In this topic, you will learn how to expose Spring Cloud Gateway for Kubernetes outside of your clusters using Contour ingress on the Tanzu Application Platform (commonly known as TAP).
The high-level steps are:
- Install Contour package in your TAP cluster.
- Install Spring Cloud Gateway for Kubernetes, if not already installed.
- Deploy an instance of Spring Cloud Gateway for Kubernetes.
- Setup a Kubernetes Ingress.
- (Optional) For TLS support, automate your certificates using cert-manager.
Installing Contour ingress controller
Contour is a supported Kubernetes ingress controller for Tanzu Application Platform and is available as a package. You can check the version by running:
$ tanzu package available list contour.tanzu.vmware.com -n tap-install
For full details about the installation, see Install Contour in the TAP documentation. The installation requires the pre-installation of cert-manager, which is also available in TAP. See also Install cert-manager.
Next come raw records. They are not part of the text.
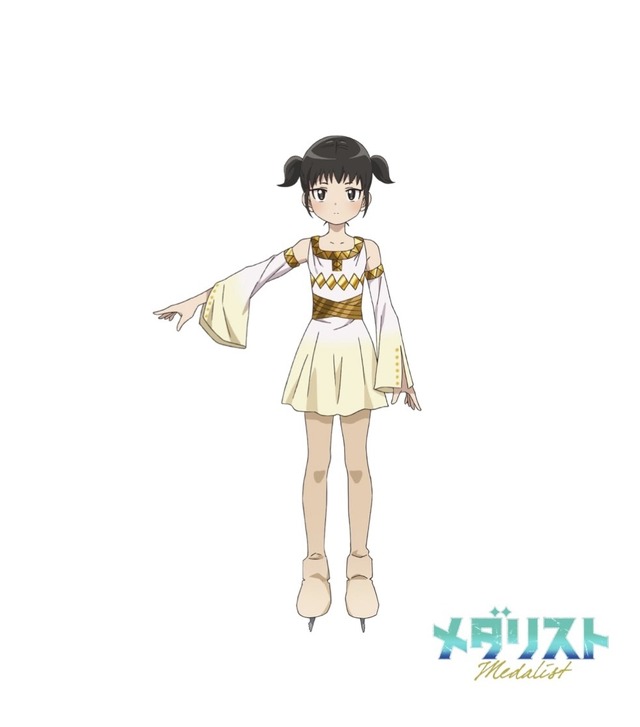 穴熊咲希奈 CV.田中貴子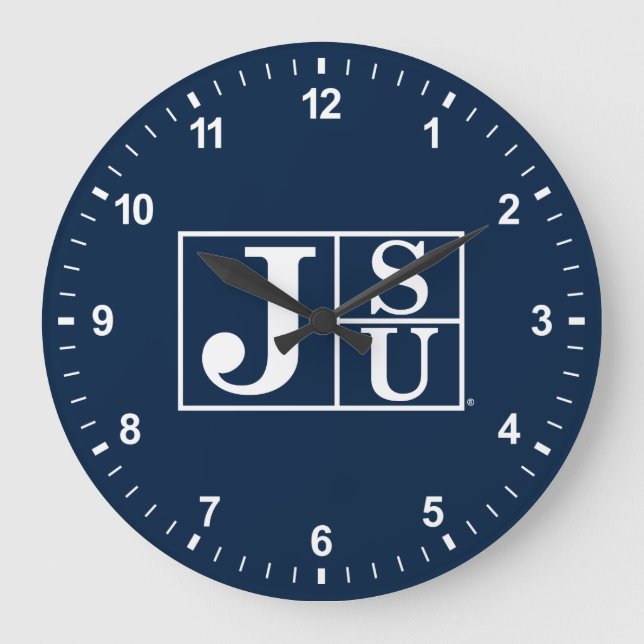 JSU LARGE CLOCK (Front)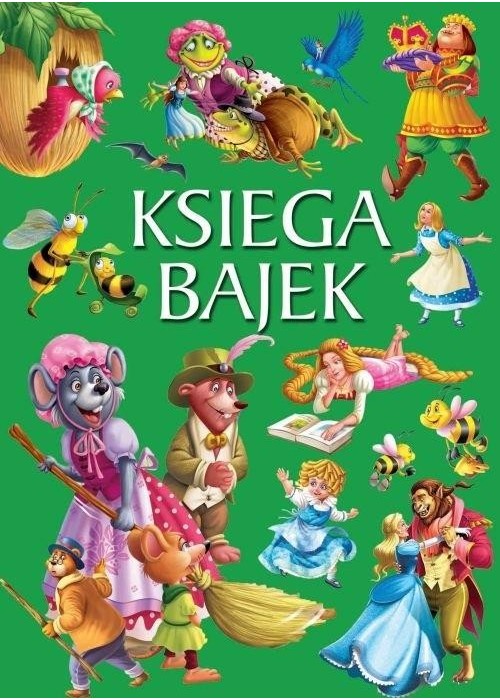 Księga bajek Księga bajek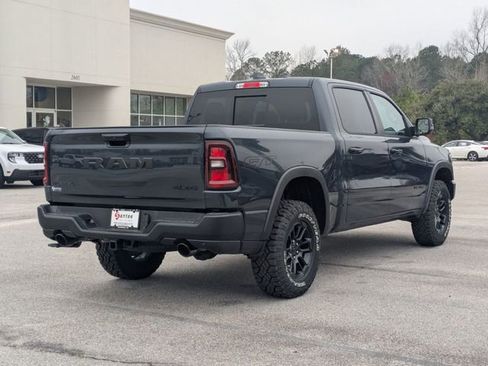 New 2026 RAM 1500 Rebel w/ G/T Package AWD/4WD image 3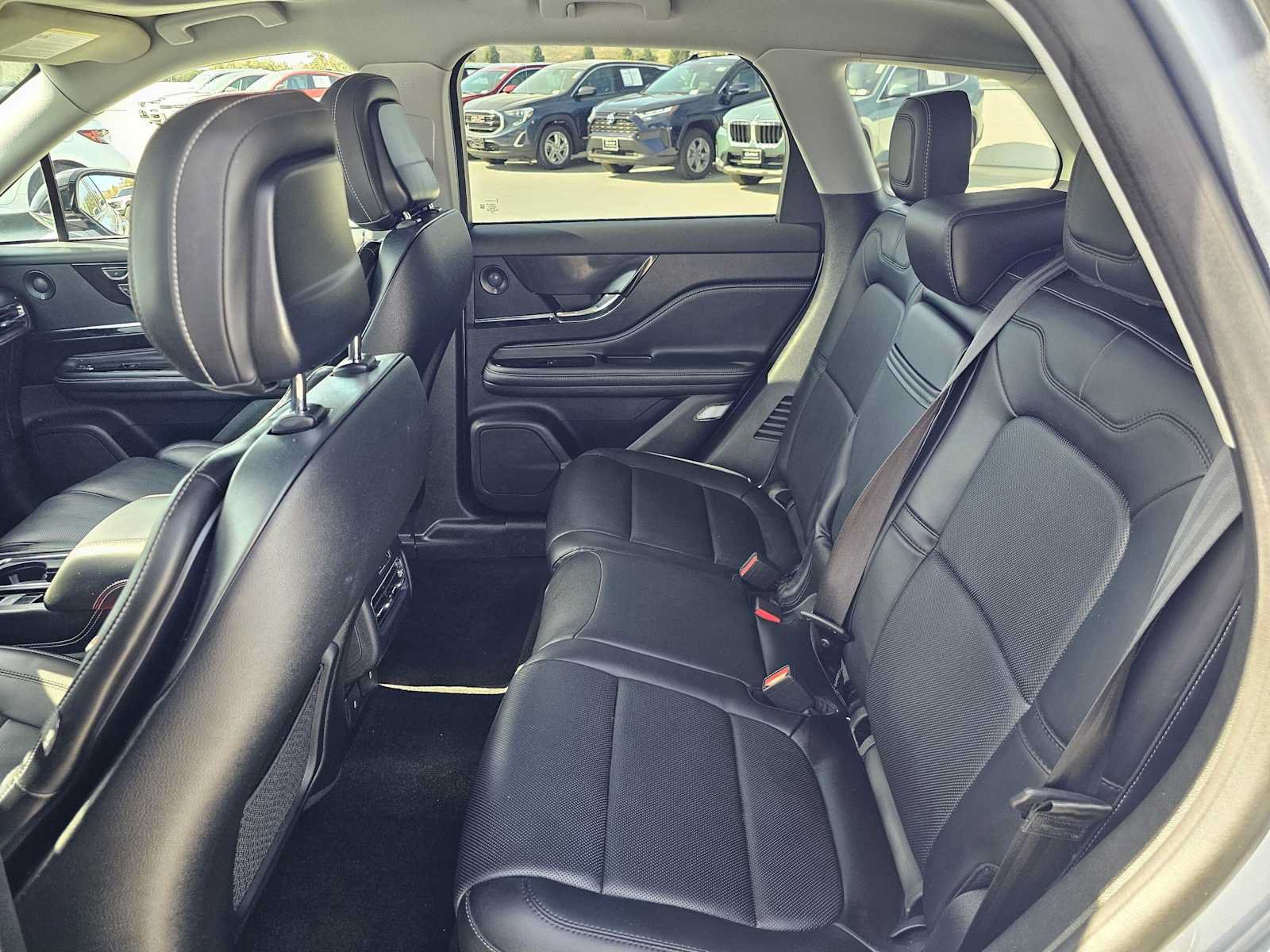 Used 2022 Lincoln Corsair Grand Touring w/ Elements Technology Bundle AWD/4WD image 16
Installing Spring Cloud Gateway for Kubernetes
You can check if Spring Cloud Gateway package is already installed by running:
$ tanzu package installed list --all-namespaces
If Spring Cloud Gateway is installed, you will see the package spring-cloud-gateway.tanzu.vmware.com and the installation namespace for spring-cloud-gateway.tanzu.vmware.com.
NAME PACKAGE-NAME PACKAGE-VERSION STATUS NAMESPACE
accelerator accelerator.apps.tanzu.vmware.com 1.5.1 Reconcile succeeded tap-install
api-auto-registration apis.apps.tanzu.vmware.com 0.3.0 Reconcile succeeded tap-install
api-portal api-portal.tanzu.vmware.com 1.3.0 Reconcile succeeded tap-install
...
spring-cloud-gateway spring-cloud-gateway.tanzu.vmware.com 2.0.0-tap.4 Reconcile succeeded tap-install
...
If it's not listed, proceed with the installation. Your cluster will already be prepared for the installation of Spring Cloud Gateway for Kubernetes from the Tanzu Application Platform package repository. You can begin Spring Cloud Gateway for Kubernetes installation from the step called checking packages available for installation.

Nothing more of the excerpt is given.